Une aura de mystère entoure tout de même ce premier film, dont la paternité reste incertaine. Il semble que Dieudonné et Renoir se la soient disputée, ce qui pourrait expliquer que le film n’a pas été montré au public après son tournage, en 1924. Ce n’est que trois ans plus tard qu’il a eu droit à une sortie en salles, dans un nouveau montage assuré par Dieudonné.
Difficile, donc, de dire ce que l’on doit à ce dernier, et ce qui est dû à Renoir. Une chose est sûre, toutefois : il y a dans Catherine (le titre original), ou Une vie volée (celui de 1927) des thèmes et des motifs qui habiteront le cinéma de Renoir pendant toutes les décennies à venir.
On y trouve même des images qui annoncent curieusement Le Journal d’une femme de chambre (l’amorce d’une romance entre la bonne et le fils de bonne famille) ou La Bête humaine (la séquence ferroviaire, qui reste et de loin la séquence d’action la plus trépidante de toute la filmographie de Renoir).

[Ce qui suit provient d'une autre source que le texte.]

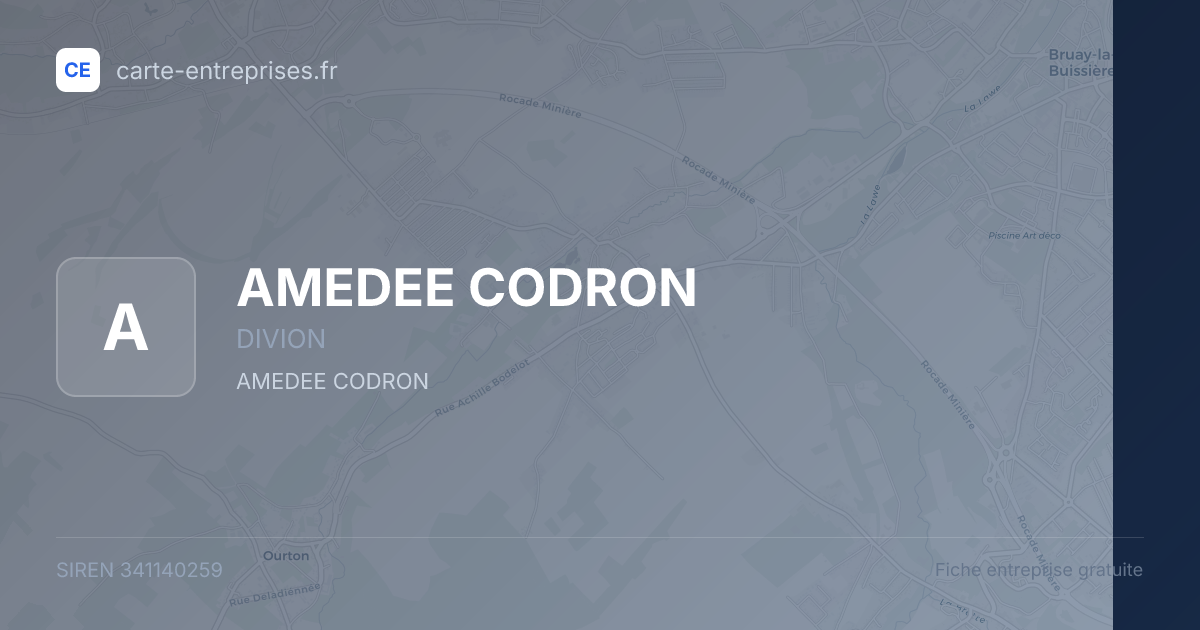 AMEDEE CODRON — 341140259 — fiche entreprise
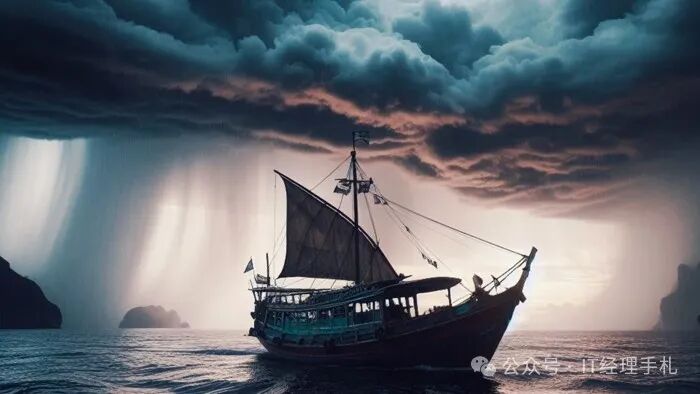 一艘古帆船在暴风雨中航行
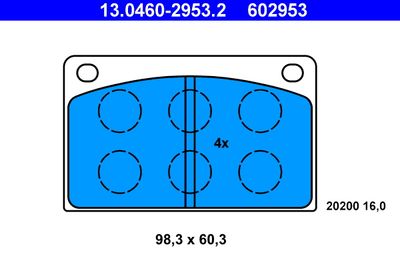 Комплект тормозных колодок, дисковый тормоз ATE 13.0460-2953.2 для VOLVO 240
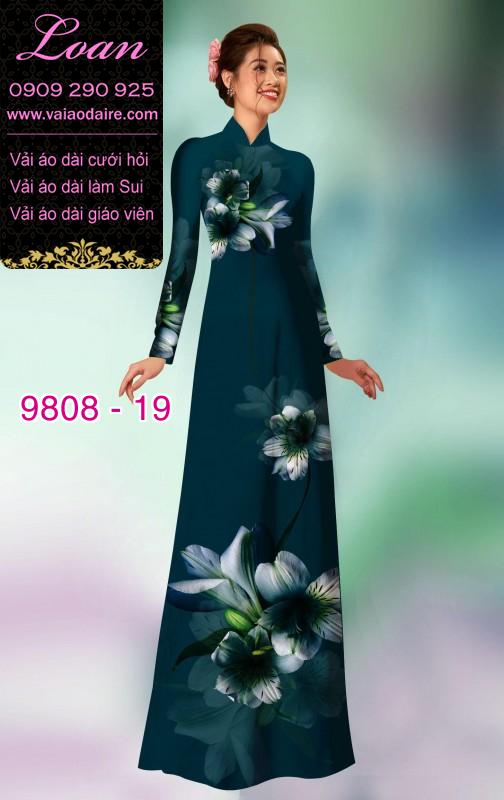 Vải áo dài hoa 3D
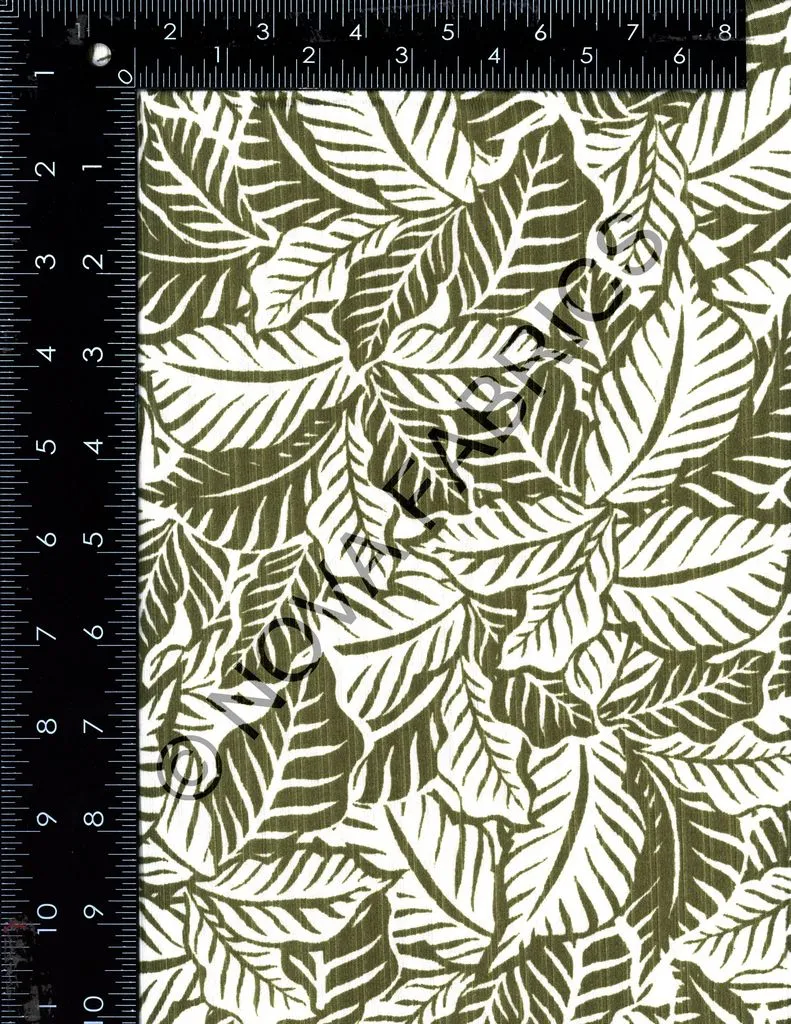 MONOTONE TROPICAL LEAF PRINTED ON POLYESTER SPANDEX 8X3 RIB NFT190348-042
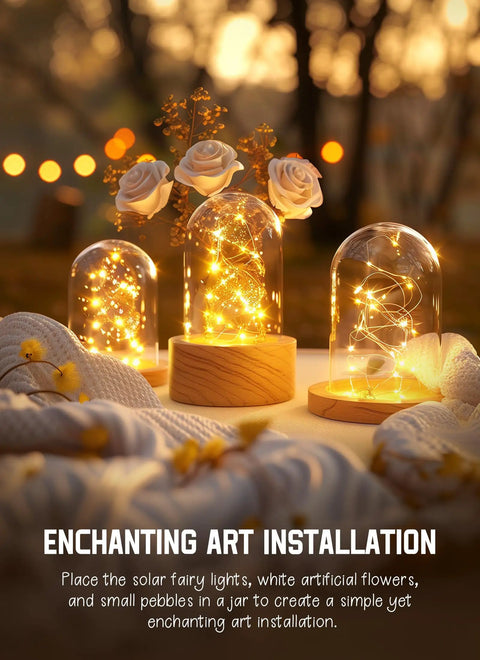 Enchanting art installation with Solar Fairy Lights Outdoor 33 Ft 100 LED Warm White String Lights in jars, cozy vibe setting.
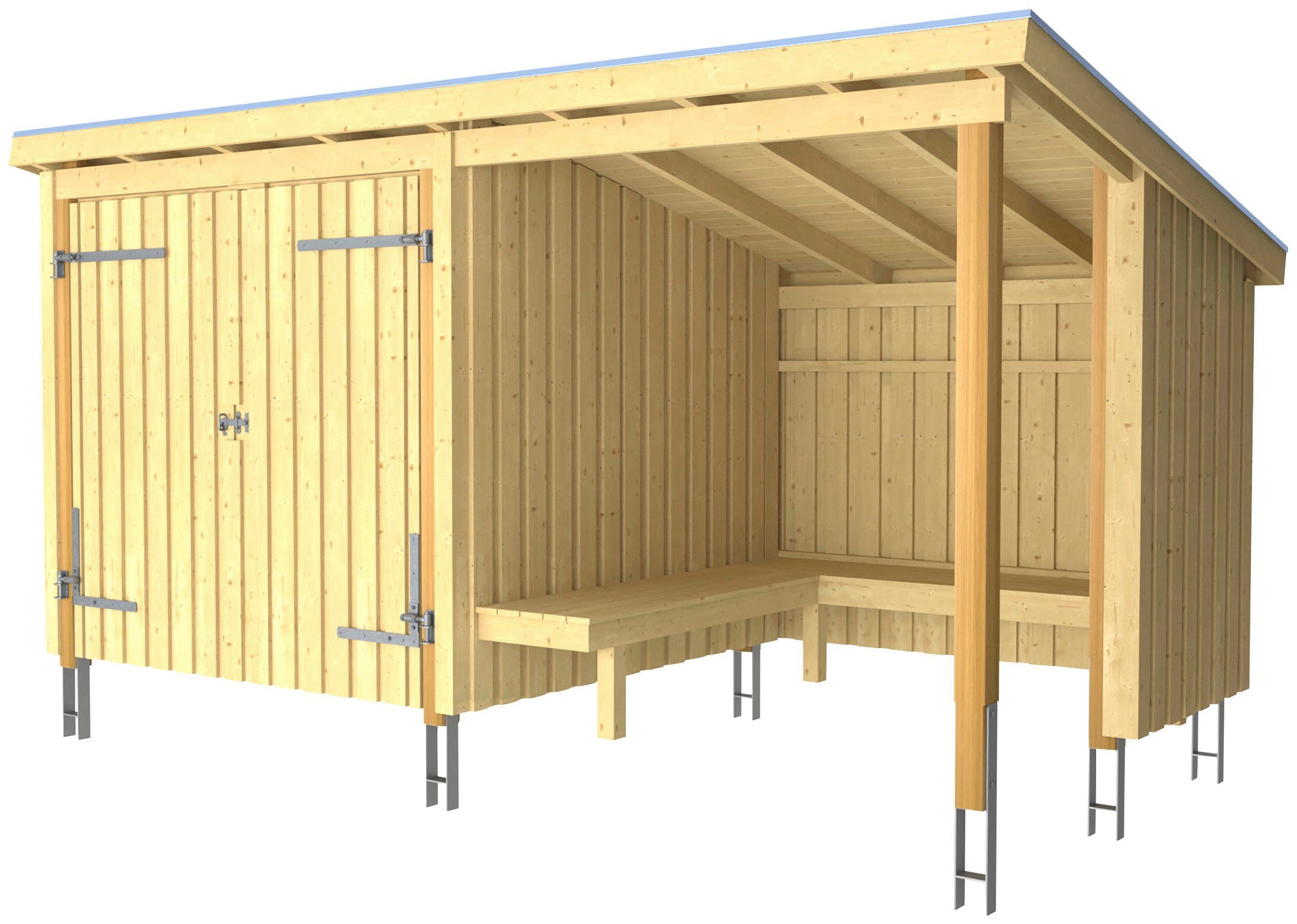 PLUS Gartenhaus Nordic, BxT: 218x432 cm, (Packung), Grillhütte 9,5 m² mit Doppeltür, Dachpappe/Aluleisten/H-Füße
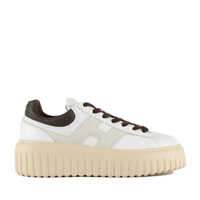 Sneakers Hogan White And Brown H-Stripes Sneakers Femei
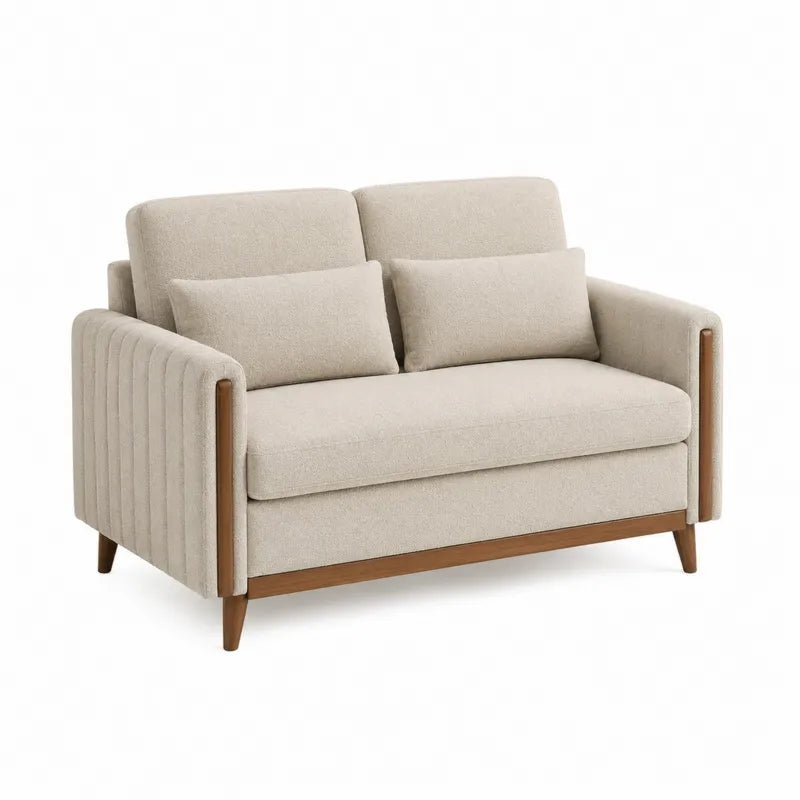 Dwuosobowa sofa z tkaniny poliestrowej i drewna 140cm be?owa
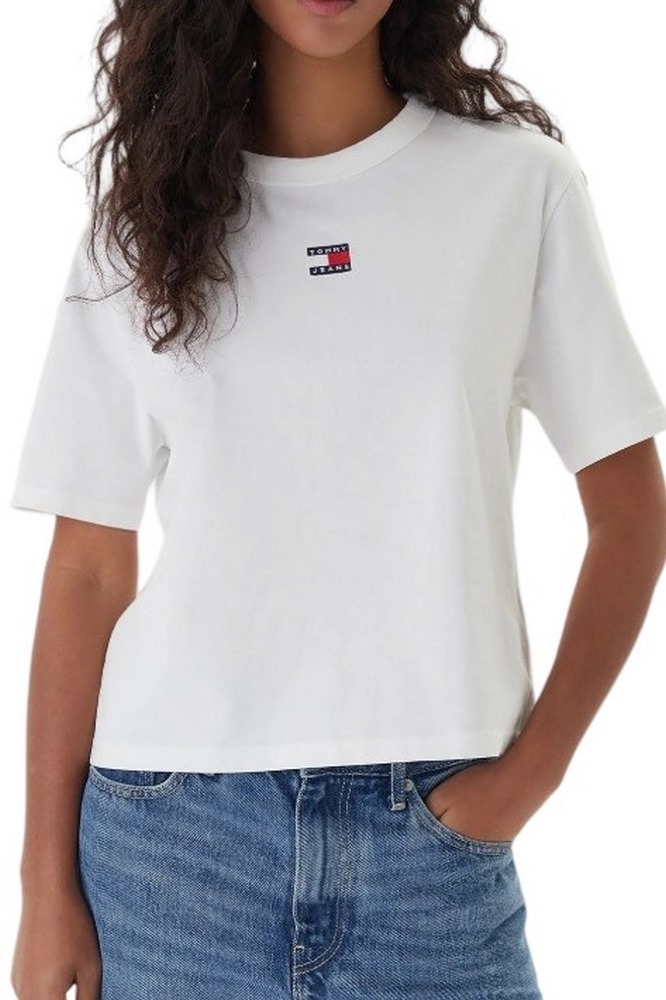 TOMMY JEANS BXY BADGE TEE EXT T-SHIRT ΜΠΛΟΥΖΑ ΓΥΝΑΙΚΕΙΑ ECRU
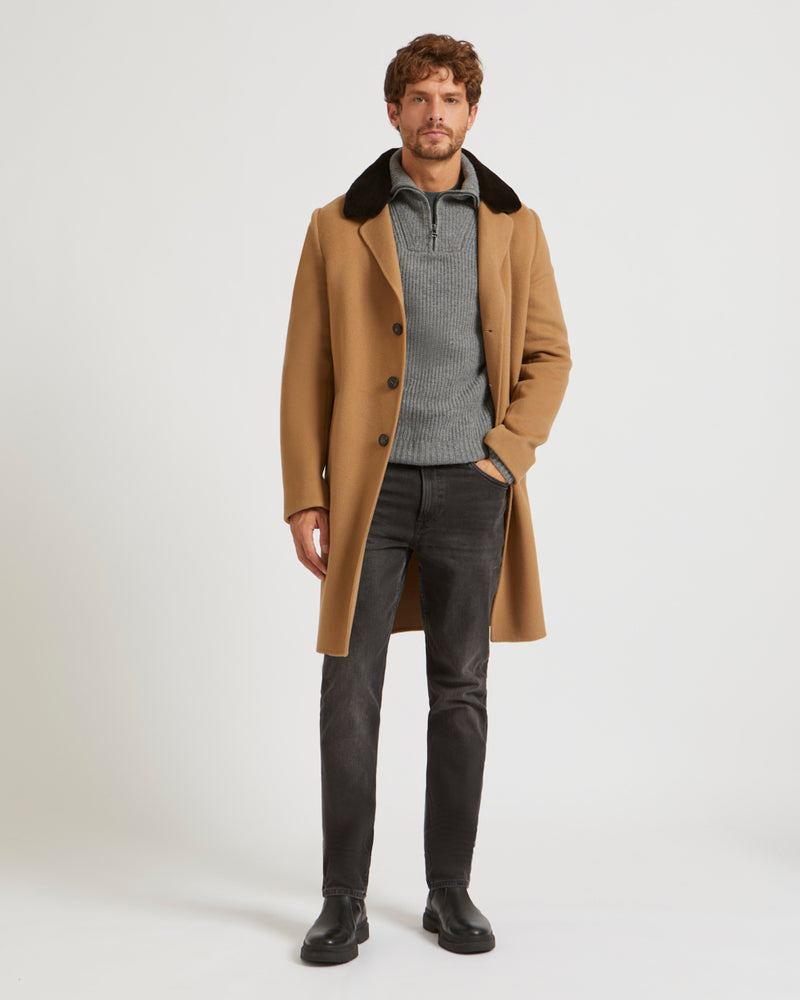 Double-Sided Wool-Cashmere Fabric Coat With Mink Collar - camel - Yves Salomon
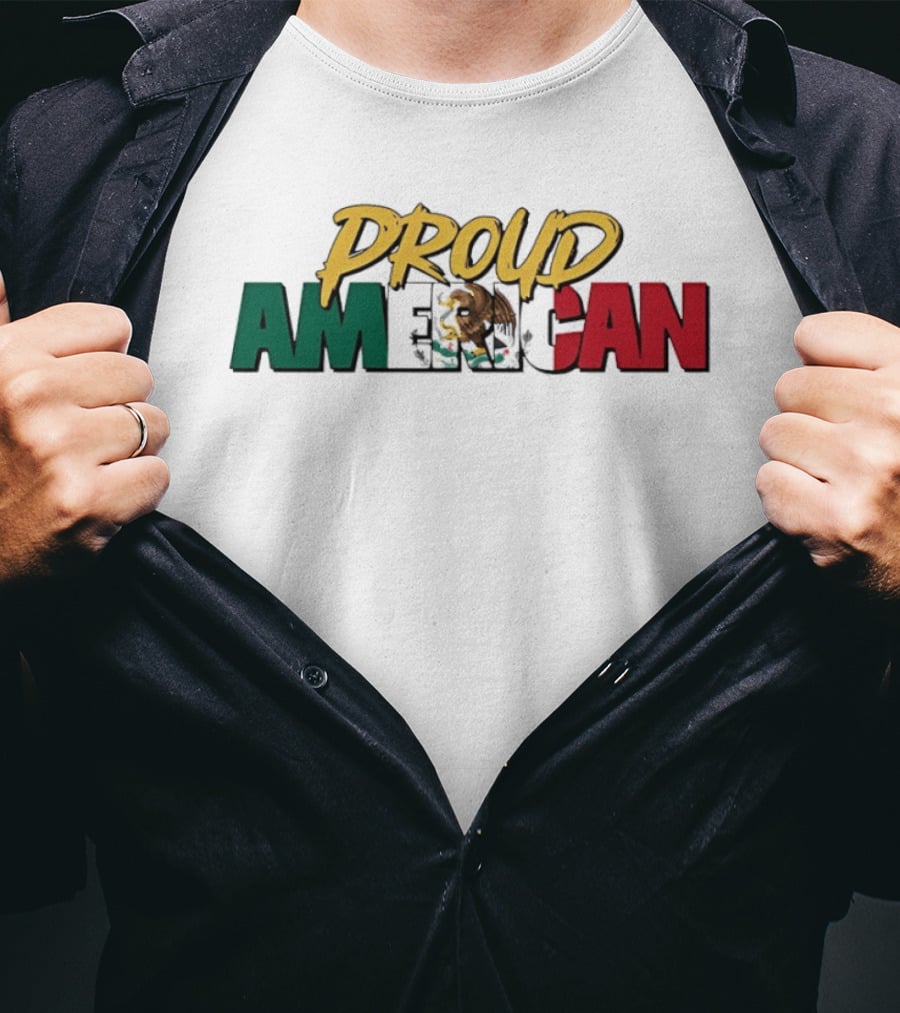 Proud American Mexico Eagle Flag Patriotic T-Shirt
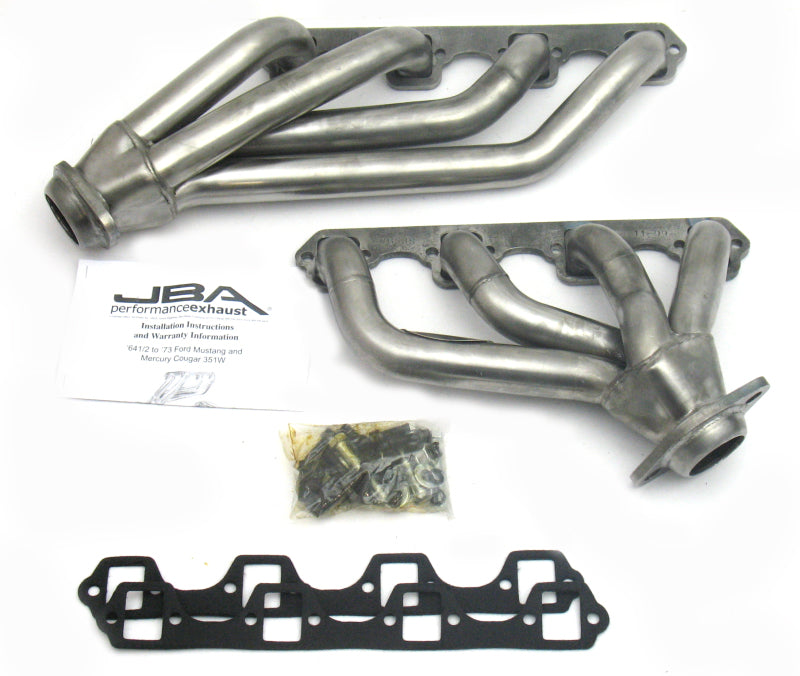 JBA 1653S | 65-73 FORD MUSTANG 351W SBF 1-5/8IN PRIMARY RAW 409SS MID LENGTH HEADER; 1965-1973 - eliteracefab.com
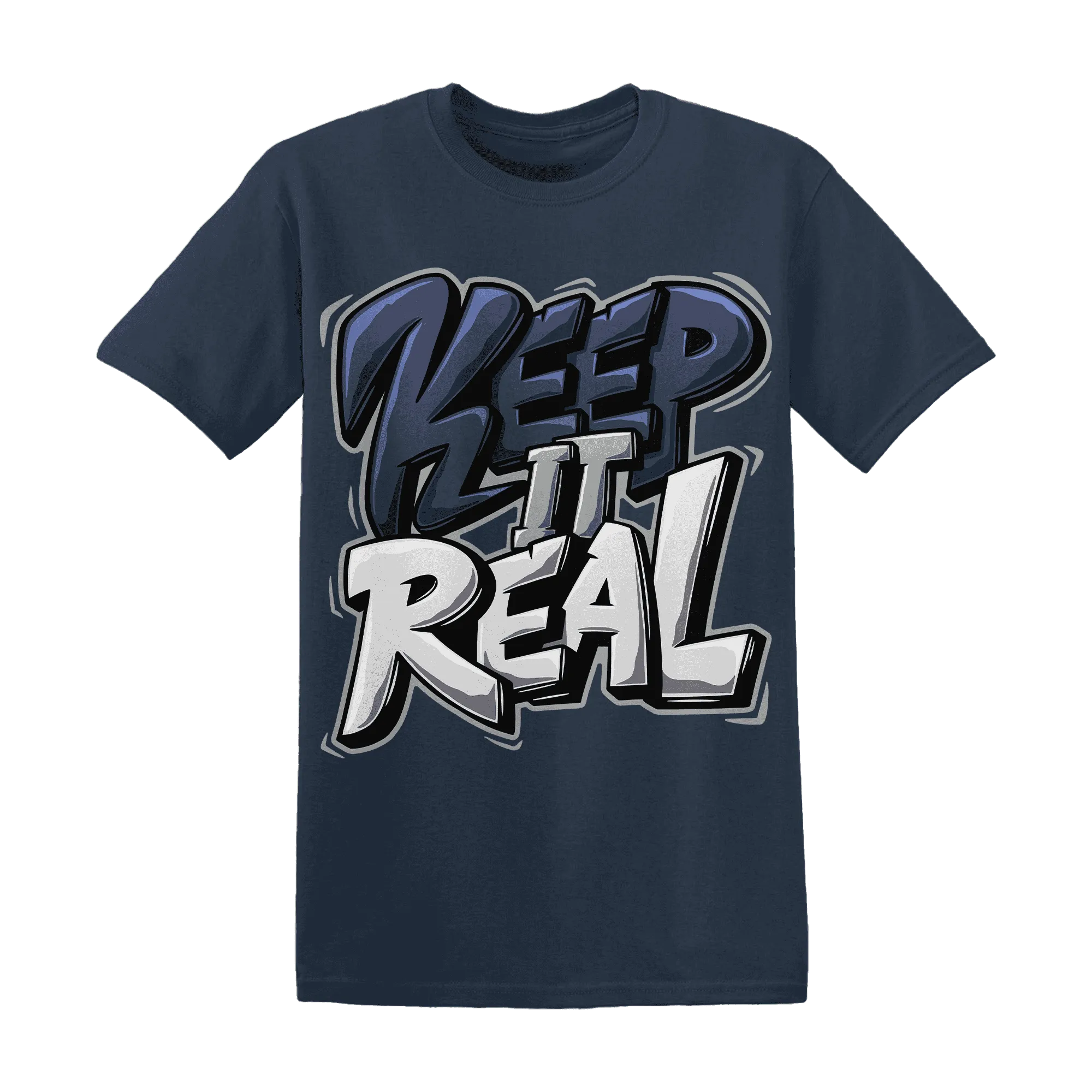 VaporMax-Plus-Midnight-Navy-White-Metallic-Silver-T-Shirt-Match-Keep-Real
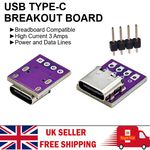 USB Type C Breakout Board USB-C PCB, USB to DIP, Female Socket, Arduino ESP32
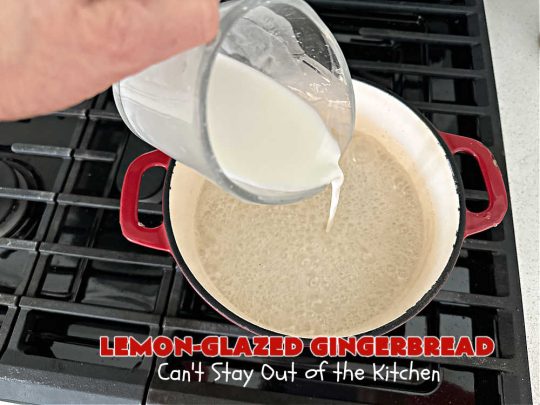 Lemon-Glazed Gingerbread | Can't Stay Out of the Kitchen | this delectable #gingerbread is served with a #LemonGlaze dolloped over top. One whiff of this #dessert #baking in your oven will have you swooning! Excellent #dessert for any occasion including #FallBaking, #Christmas #holidays or anytime you want a #GingerbreadDessert! #LemonGlazedGingerbread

Il y a surtout, en germe, beaucoup d’éléments que l’on retrouvera dans La Règle du Jeu quinze ans plus tard : les rapports complexes entre les classes, le jeu social auquel se livrent les représentants de la bonne société, et un sens du rythme et de la folie, mêlé à une cruauté assez féroce.
C’est assez passionnant de découvrir ce film fondateur, malgré toutes ses limites. Parce que côté scénario, c’est plutôt l’artillerie lourde que sort le scénariste et cinéaste Renoir, biberonné aux films américains dès les années 1910, dont il reprend les codes et les manies dans ce mélo qui n’épargne aucun rebondissement plombant à sa pauvre héroïne.
Il y a pourtant de très belles scènes dans le film, et même de grands moments de cinéma. Un exemple : la danse de Catherine (Catherine Hessling) et Maurice (Albert Dieudonné), sur le balcon d’un appartement dominant la foule des anonymes faisant la fête dans la rue, dont tous deux sont tenus à l’écart par l’encadrement de la fenêtre, et par un rideau tombant. Et la mort qui suit, sommet d’émotion tragique.